Dopo il successo di pubblico e di critica dello spettacolo teatrale omonimo, partono le riprese di “Caina”, un film di Stefano Amatucci con Luisa Amatucci e Helmi Dridi, con la partecipazione della straordinaria Isa Danieli e prodotto da Socialmovie. “Caina” è una favola nera, raccontata attraverso la ferocia femminile, territorio oscuro e affascinante. E’ una storia visionaria e palpitante che prende spunto da fatti reali, quali l’immigrazione e il razzismo, ma immersi in un contesto surrealistico, allucinato e fantapolitico. Caina è una specie di sacerdotessa della morte, che diffonde la sua omelia in mezzo a cadaveri sospesi che talvolta le rispondono, a volte si incontrano, fantasmi che lei umanizza quando sono lì, proprio perché non hanno il diritto allo status di essere umano.

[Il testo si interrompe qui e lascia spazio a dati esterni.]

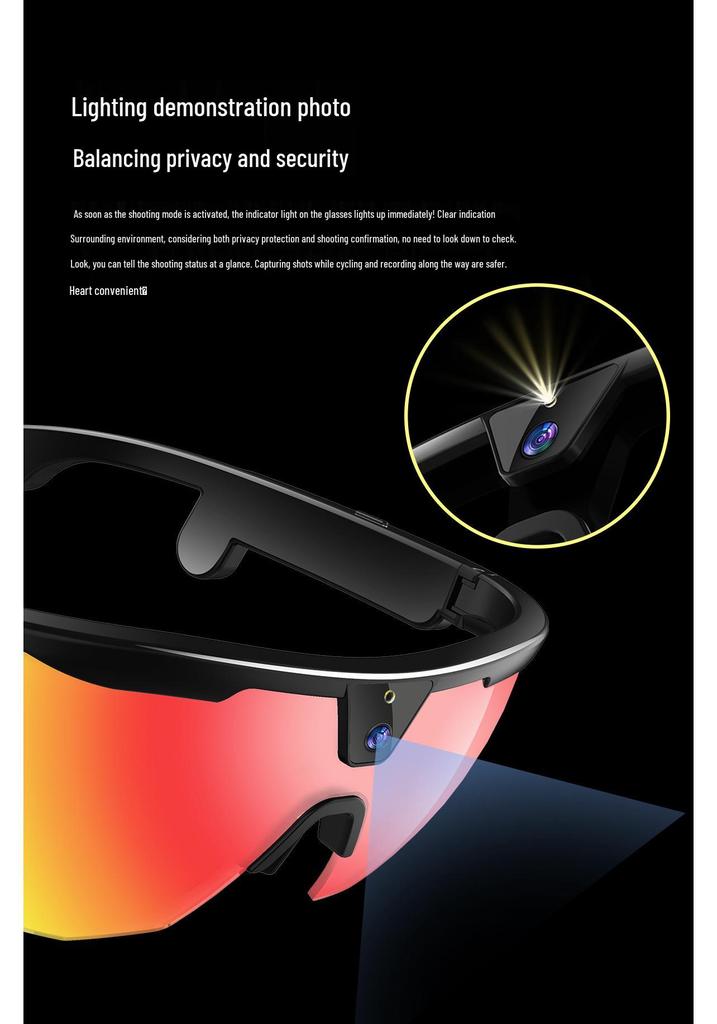 AI Smart Cycling Glasses: 800W Camera & Audio Translation for First-Person Sports Videos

Il regista Stefano Amatucci, spiega che l’idea di questo film è nata da una notizia di cronaca: Un sindaco di un paese siciliano era molto preoccupato per gli sbarchi che avvenivano sull’ isola perché avrebbero rovinato la stagione estiva che stava per arrivare. Era evidente che non vi era in lui nessuna percezione della tragedia umana, ma solo la consapevolezza della tragedia economica, perchè era minata l’ immagine dell’isola. Non erano yacht ad approdare ma squallide carrette e i suoi equipaggi non erano starlette o stelline, imprenditori o sceicchi, stranieri con abiti firmati amati dai gossip, ma gente vestita male che puzzava di miseria e disperazione. Gente che scappa da miserie, dittature, guerre e vede nell’Italia, (nell’ Europa) la loro speranza che giorno dopo giorno però si sbriciola chiusi nei campi di prima accoglienza ( oggi divenuti “Lagher”, vedi il centro di prima accoglienza di Lampedusa, o il CIE di Ponte Galeria a Roma) e poi morire del tutto una volta usciti perchè o costretti a nascondersi e vivere da clandestini o rispediti nell’inferno da dove sono venuti.

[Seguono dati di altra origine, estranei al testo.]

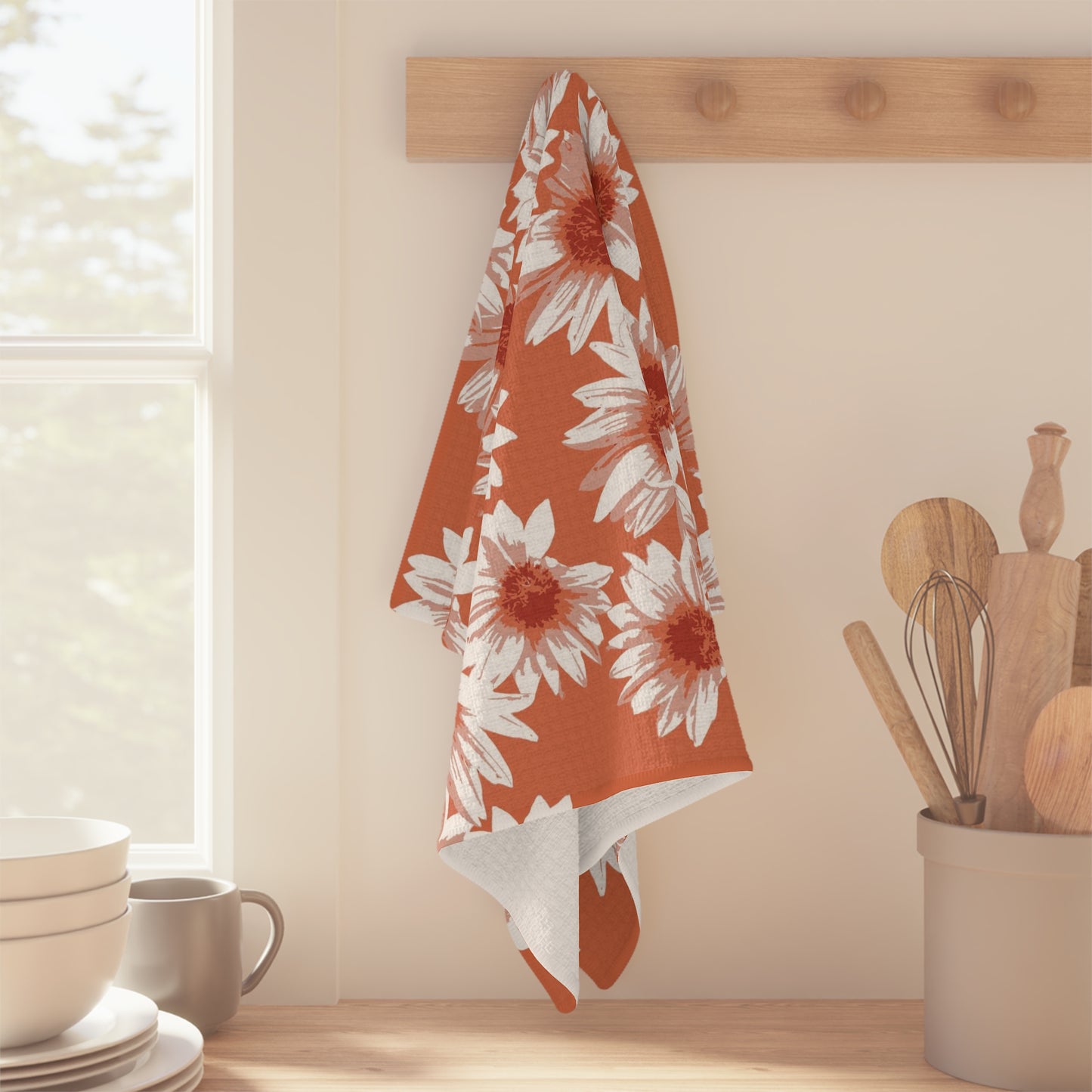 Daisies in Orange Tea Towel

Si tratta di una storia che porta lo spettatore ad ascoltare la propria coscienza, a scuotersi davanti a frasi, parole che sono ormai sulla bocca di noi tutti divenuti “I luoghi comuni” che vengono usati, nel nostro vivere quotidiano, con leggerezza, senza renderci conto che spesso proprio le parole sono un’ arma tagliente e spesso mortale. Per preservare la sceneggiatura da ogni lenocinio naturalistico e da ogni deriva populistica abbiamo spinto il risaputo sulle sponde della metafora e dell’iperbole.